In his death, Maharaja Singh remained an unknown martyr. No verses were composed in his honour nor any memorials erected in his memory. Even historians failed to recognise his contribution to the freedom struggle.

Maharaja Singh was perhaps the first person in Punjab who tried to organise a mass movement against the British after Lord Dalhousie annexed the kingdom following the death of Maharaja Ranjit Singh.

Maharaja Singh was a preacher turned revolutionary, whose activities caused much concern to the British. As gauged from a letter from the then Governor General Lord Dalhousie to Punjab Governor Henry Lawrence in 1849. ''Maharaja Singh has started a khalsa lehar (Sikh movement), and this should be crushed at all costs or else the English cannot step into Punjab,'' read the letter.

Even when the English were desperately trying to gain a foothold in Punjab by fighting many battles against Ranjit Singh's generals, the preacher-revolutionary started touring villages exhorting people to rise against the British as their freedom was in jeopardy.

His sermons caused panic among the British. An army officer stationed at Jalandhar in a dispatch to his superior wrote, ''A religious preacher has become an important political leader who is getting a good deal of support in the villages.''

The British, on their part, kept his exploits against them a closely guarded secret, fearing that any publicity might lead to a public uprising.

The preacher tag did not prevent Maharaja Singh from taking up an armed struggle.
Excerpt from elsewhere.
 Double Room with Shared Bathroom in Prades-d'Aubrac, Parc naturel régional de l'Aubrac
He along with his supporters came out openly in support of Mool Raj, the subedar of Multan, who rebelled against the British in 1848.

The sant sipahi (saint-soldier) image came to the fore again during a battle between the British and Maharaja Sher Singh. He took up the sword after delivering a religious sermon to the soldiers.
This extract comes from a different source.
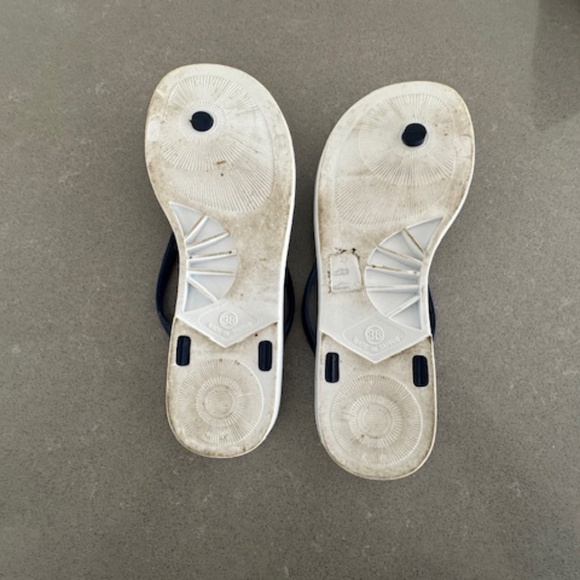 French Connection Sz 7 Jelly Navy & White Flip Flops-Worn only a few tim… - Picture 5 of 6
In the battle of Chelia between Chattar Singh Ittari and the British, Maharaja Singh took upon himself the task of maintaining the food and water supplies, besides nursing the wounded soldiers. Soon, the British offered a reward of Rs 10,000 for his arrest.

On January 3, 1850, Maharaja Singh, after establishing contacts with a number of Punjabi soldiers in the British army, asked them to revolt against the colonial masters. But the plan leaked out and he was arrested in Jalandhar and brutally tortured during interrogation. He was sent to Fort William in Calcutta and then shifted to a jail in Singapore, where he died in 1855.